RICE À LA VATHEK, OR RICE PUDDING À LA VATHEK.

(Extremely Good.)
Blanch, and then pound
carefully to the smoothest
possible paste four ounces of
fine Jordan almonds and half a
dozen bitter ones, moistening
them with a few drops of water
to prevent their oiling. Stir to
them by slow degrees a quart of boiling milk, which should be new,
wring it again closely from them through a thin cloth, which will
absorb it less than a tammy, and set it aside to cool. Wash
thoroughly, and afterwards soak for about ten minutes seven ounces
of Carolina rice, drain it well from the water, pour the almond-milk
upon it, bring it very slowly to boil, and simmer it softly until it is
tolerably tender, taking the precaution to stir it often at first that it
may not gather into lumps nor stick to the pan.
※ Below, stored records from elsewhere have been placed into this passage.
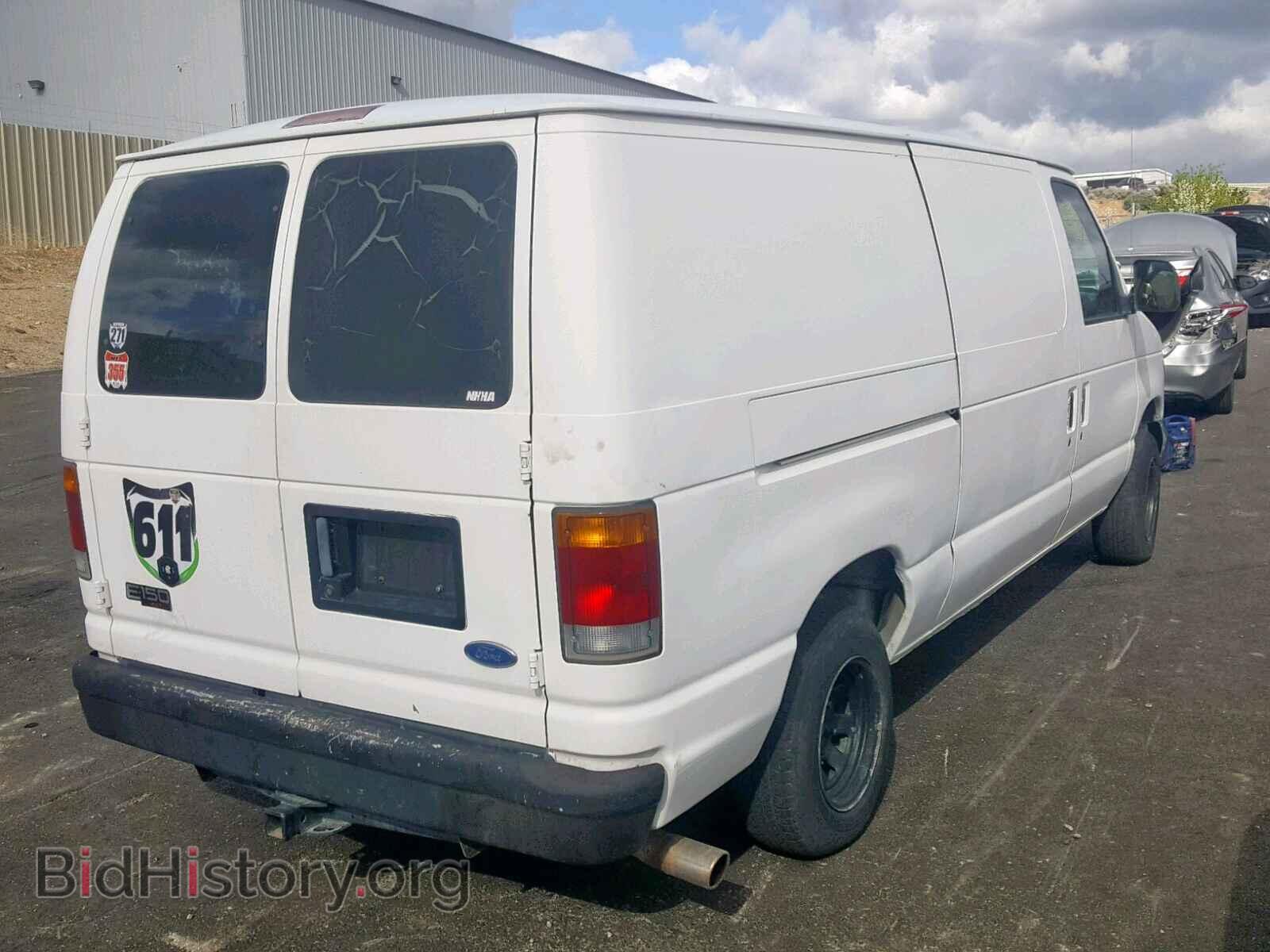 1993 FORD ECONOLINE - VIN: 1FTEE14Y2PHB16633 - Photo 4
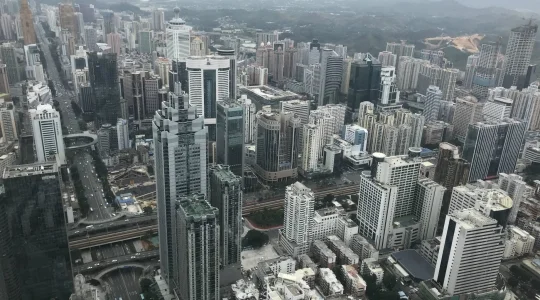 初めての深セン観光に最適 1日市内観光ツアー＜終日/高速鉄道/四川料理の昼食付き/日本語ガイド＞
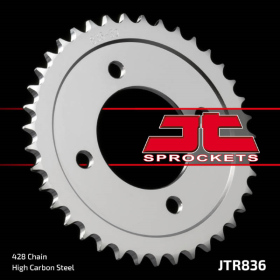 Pignon arrière JT JTR836.39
Add to it two ounces
of fresh butter and four of pounded sugar, and when it is perfectly
tender and dry, proceed with it exactly as for Gabrielle’s pudding, but
in moulding the rice press it closely and evenly in, and hollow it in the
centre, leaving the edge an inch thick in every part, that it may not
break in the oven. The top must be slightly brushed with butter
before it is baked, to prevent its becoming too dry, but a morsel of
white blotting paper will take up any portion that may remain in it.
When it is ready to serve, pour into it a large jarful of apricot jam, and
send it immediately to table. If well made it will be delicious. It may
be served cold (though this is less usual), and decorated with small
thin leaves of citron-rind, cut with a minute paste-cutter. The same
preparation may be used also for Gabrielle’s pudding, and filled with
hot preserved fruit, the rice scooped from the inside being mixed with
the syrup.
GOOD YORKSHIRE PUDDING.

To make a very good and light Yorkshire pudding, take an equal


number of eggs and of heaped tablespoonsful of flour, with a
teaspoonful of salt to six of these. Whisk the eggs well, strain, and
mix them gradually with the flour, then pour in by degrees as much
new milk as will reduce the batter to the consistence of rather thin
cream. The tin which is to receive the pudding must have been
placed for some time previously under a joint that has been put down
to roast one of beef is usually preferred. Beat the batter briskly and
lightly the instant before it is poured into the pan, watch it carefully
that it may not burn, and let the edges have an equal share of the
fire. When the pudding is quite firm in every part, and well-coloured
on the surface, turn it to brown the under side. This is best
accomplished by first dividing it into quarters. In Yorkshire it is made
much thinner than in the south, roasted generally at an enormous
fire, and not turned at all: currants there are sometimes added to it.
Eggs, 6; flour, 6 heaped tablespoonsful, or from 7 to 8 oz.; milk,
nearly or quite 1 pint; salt, 1 teaspoonful: 2 hours.
Obs.—This pudding should be quite an inch thick when it is
browned on both sides, but only half the depth when roasted in the
Yorkshire mode. The cook must exercise her discretion a little in
mixing the batter, as from the variation of weight in flour, and in the
size of eggs, a little more or less of milk may be required: the whole
should be rather more liquid than for a boiled pudding.
COMMON YORKSHIRE PUDDING.

Half a pound of flour, three eggs (we would recommend a fourth),


rather more than a pint of milk, and a teaspoonful of salt.